Oh, God, what did he see?

Lei heard soft, hissing laughter.

In the space between Hilda’s curls and the side of her neck rested a black chin and grinning yellow teeth. The thing’s jaw sat there, like a dog will rest its chin on its master’s thigh, awaiting attention. Hilda’s ear and hair obscured what must be the top of the thing’s face. All Lei could see was the jutting chin, its sickly yellow teeth and drawn cheeks the color of lava rock.

The thing did not snatch itself away as it had on previous occasions. This time, it retreated slowly, inch by inch, until it disappeared into the shadows of Hilda’s hair.

Soon. The thing chuckled. Soon…

Lei’s eyes opened, and she found herself staring at a strange man in a lab coat. The man was in the middle of telling Harry how lucky his wife was.

A nightmare? The soul-thing was a nightmare?

If so, had all instances of The Ebony One’s appearance been only hallucinations? Perhaps a response to the extreme pain she’d been suffering?

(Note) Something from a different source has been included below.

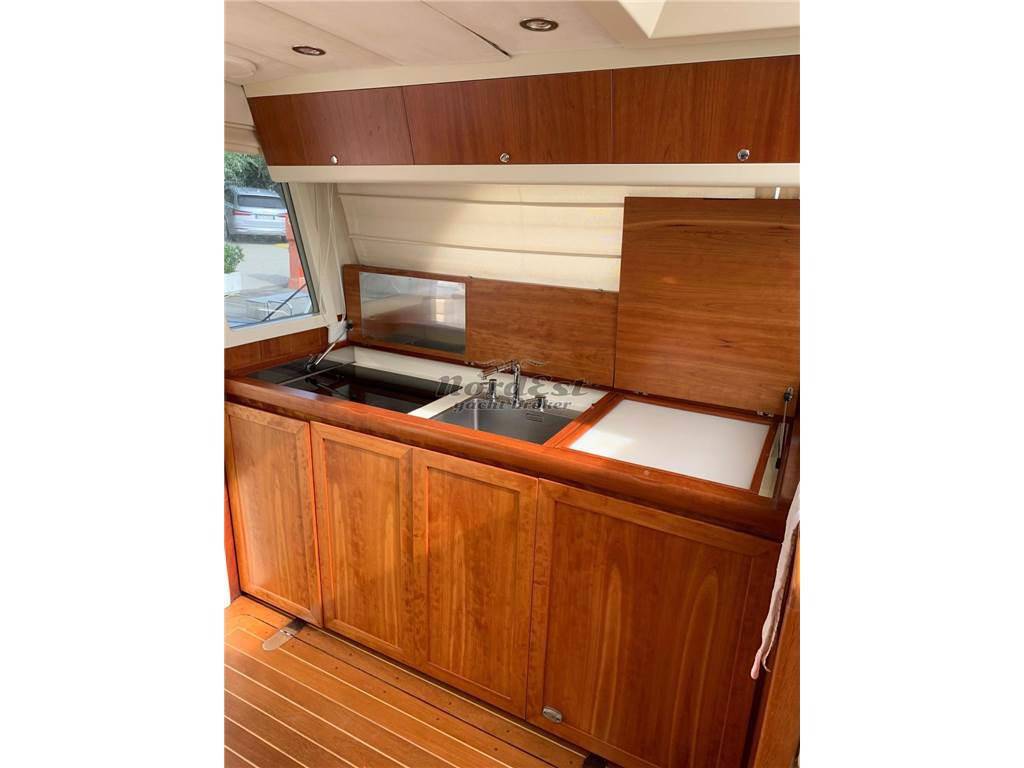 Solare Lobster 46 ht hard top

Lei thought that this was very likely. What was certainly not very likely was that there was some kind of parasitic, black-skinned, yellow-toothed creature attached to everyone who spoke to her. A sentient, disembodied head (and hand—can’t forget that fucking hand) who fancied a macabre version of peek-a-boo.

“Good afternoon, Mrs. Duncan. I’m Dr. Peas. Spelled the same way as snap peas.” The doctor had a green chart tucked under his arm and a pink stethoscope draped around his neck. His smile was catching, and she caught herself trying to return it. But mostly she was smiling because she was thrilled with the possibility that she might not be losing her mind; that the thing she had come to call The Ebony One wasn’t really real.

She nodded her own hello to the doctor.

“Your husband tells me you’ve been communicating with markers and a dry-erase board. Good. Very good. Communication is key. Are you up for finding out what happened to you and what to expect in the near future as well as long term goals for your recovery?”

Lei nodded.

“Very well. I was just telling Harry here that you were, of course, struck by a car doing a significant amount of speed, but that it could have been worse. I know, I know. It seems pretty bad, and it is, but at least you’ve lived to see another day.” Dr. Peas stopped to share a smile with Lei and Harry in turn. “My guess is that the vehicle hit you on the left flank and that you took the brunt of the trauma on that side. In fact, I assume that the only reason for your dislocated right shoulder and fractured right wrist, is that the arm on that side sacrificed itself to save the rest of you. Basically, you landed like this—” Peas stuck his right arm out behind him and pressed his palm against the cabinet by the television. “When you landed, you snapped the ulna near the wrist and popped your shoulder out of socket. All that has been corrected, but both sites will throb in bad weather, as will the rest of you. You’ll no doubt develop a long-term relationship with Mr. Arthur Itis.” Peas shared another grin with the couple.